PRESS RELEASE
Ohio Rep. Marcy Kaptur: Democrats Must Do ‘Soul-Searching’
Dec. 27, 2016 (EIRNS)—Rep. Marcy Kaptur (D-Ohio), the primary sponsor of legislation to reinstate the Glass-Steagall Act in the 112th, 113th, and 114th Congresses, and the longest-serving woman in the U.S. House of Representatives, told The (Toledo) Blade’s Tom Troy, author of The Blade’s Dec. 18 story, that, after losing the industrial states of Wisconsin, Michigan, and Pennsylvania in 2016, "I think the Democratic Party has some soul-searching to do. On the economic front, it fell short."
Troy reports that Kaptur has sent her Democratic House colleagues a packet of graphs, political cartoons, and articles that portray a "bicoastal" bias on the part of the Democratic Party. Kaptur said that the industrial heartland feels "squeezed out, overshadowed, marginalized, ignored."
"I think they are sympathetic, but they really don’t understand," Rep. Kaptur said about House Democrats’ re-election of California Rep. Nancy Pelosi as their Leader over Rep. Tim Ryan of Ohio.
"They are captive of their own ideology and culture and economies. San Francisco being a financial center, I think it’s really hard for someone like Leader Pelosi to really internalize what it’s like to live in a place where someone can have their job jerked out from under them,"
Kaptur said.
Kaptur said the money of wealthy donors has enormous power, and "it’s all behind the curtains in both parties." The Democratic Party is quick to talk about social issues, lesbian, gay, bisexual, transgender rights, women’s rights... so called identity politics.’ The economic message is one which our party was deaf toward for a very long time," Kaptur said, citing the Democratic Party leadership support for the 1993 North American Free Trade Agreement (NAFTA) that allowed manufactuers to make products cheaper [in Mexico] for sale in the United States. The leaders of our party don’t agree with our point of view out here.
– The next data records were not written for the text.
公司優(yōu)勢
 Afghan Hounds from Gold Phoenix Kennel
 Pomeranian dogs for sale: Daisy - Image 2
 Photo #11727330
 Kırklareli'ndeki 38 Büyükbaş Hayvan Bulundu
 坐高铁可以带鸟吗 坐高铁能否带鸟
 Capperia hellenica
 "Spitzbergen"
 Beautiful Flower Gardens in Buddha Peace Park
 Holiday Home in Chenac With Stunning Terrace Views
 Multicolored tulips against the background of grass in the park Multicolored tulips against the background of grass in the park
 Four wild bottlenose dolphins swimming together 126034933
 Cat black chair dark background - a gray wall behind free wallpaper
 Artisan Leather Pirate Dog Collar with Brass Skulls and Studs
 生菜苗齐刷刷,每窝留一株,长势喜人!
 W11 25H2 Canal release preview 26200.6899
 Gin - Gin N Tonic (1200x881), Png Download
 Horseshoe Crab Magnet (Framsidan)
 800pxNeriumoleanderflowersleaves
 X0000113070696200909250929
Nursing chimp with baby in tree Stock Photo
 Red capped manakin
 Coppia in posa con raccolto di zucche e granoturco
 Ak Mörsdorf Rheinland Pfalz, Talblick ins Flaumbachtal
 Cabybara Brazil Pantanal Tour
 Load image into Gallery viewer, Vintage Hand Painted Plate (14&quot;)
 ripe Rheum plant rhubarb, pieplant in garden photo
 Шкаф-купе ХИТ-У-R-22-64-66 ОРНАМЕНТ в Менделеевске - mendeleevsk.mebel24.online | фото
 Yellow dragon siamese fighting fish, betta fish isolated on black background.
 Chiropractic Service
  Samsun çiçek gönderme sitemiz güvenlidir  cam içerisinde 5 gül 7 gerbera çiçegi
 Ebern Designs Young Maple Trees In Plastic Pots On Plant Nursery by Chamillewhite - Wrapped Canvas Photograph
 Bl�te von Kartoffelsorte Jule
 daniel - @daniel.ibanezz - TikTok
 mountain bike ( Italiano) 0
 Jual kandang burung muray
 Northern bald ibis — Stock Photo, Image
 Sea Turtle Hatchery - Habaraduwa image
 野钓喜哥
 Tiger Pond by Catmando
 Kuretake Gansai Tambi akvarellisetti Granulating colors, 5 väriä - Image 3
Rep. Kaptur said she had spoken to Hillary Clinton before her speech in Toledo on Oct. 3, about a message that would resonate in Ohio. Instead, Clinton gave a speech where billionaire investor Warren Buffett was mentioned, but not the international trade agreements, including NAFTA.
"She didn’t make much of that in Toledo. I was shocked.... She talked more about Warren Buffett. Who knows who that is? And she stood in the Amtrak station and did not talk about how her infrastructure bill would help renovate that station, renovate the water plant, [or] save Lake Erie."
As to Trump’s proposed 35% tariff on goods manufactured in other countries to be sold in the United States, Kaptur said,
"I’d have to see what he’s saying. I’d say he should pick steel to put on tariff on.... One would have to study how you get some kind of parity."
Donald Trump did very well in Youngstown, in eastern Ohio. Mahoning County Democratic chair David Betras said voters perceived the national Democrats as caring "more about where you take a pee than about whether you have a job." (Obama had ordered in May that public schools must allow transgender students to use bathrooms that correspond with their gender identity, rather than their birth gender.)
Betras sent a memo to the Clinton camapAign in May which said she needed to make a commitment to bring back good jobs. Betras said,
"[T]he messages can’t be about job retraining. These folks have heard it a million times, and frankly, they think it’s complete and total [nonsense."
Ohio Democratic Chairman David Pepper said that though there are multiple reasons Clinton lost, the main one was that Trump spoke to the frustrations of working people stuck in a flat-wage economy. He believed that Trump’s non-economic message, such as the Muslim ban, and a wall between Mexico and the United States, were embraced by some but ignored by many.
"When you look at where Trump did the best, it was in places that were really reliant on manufacturing—or used to be—or mining or farming."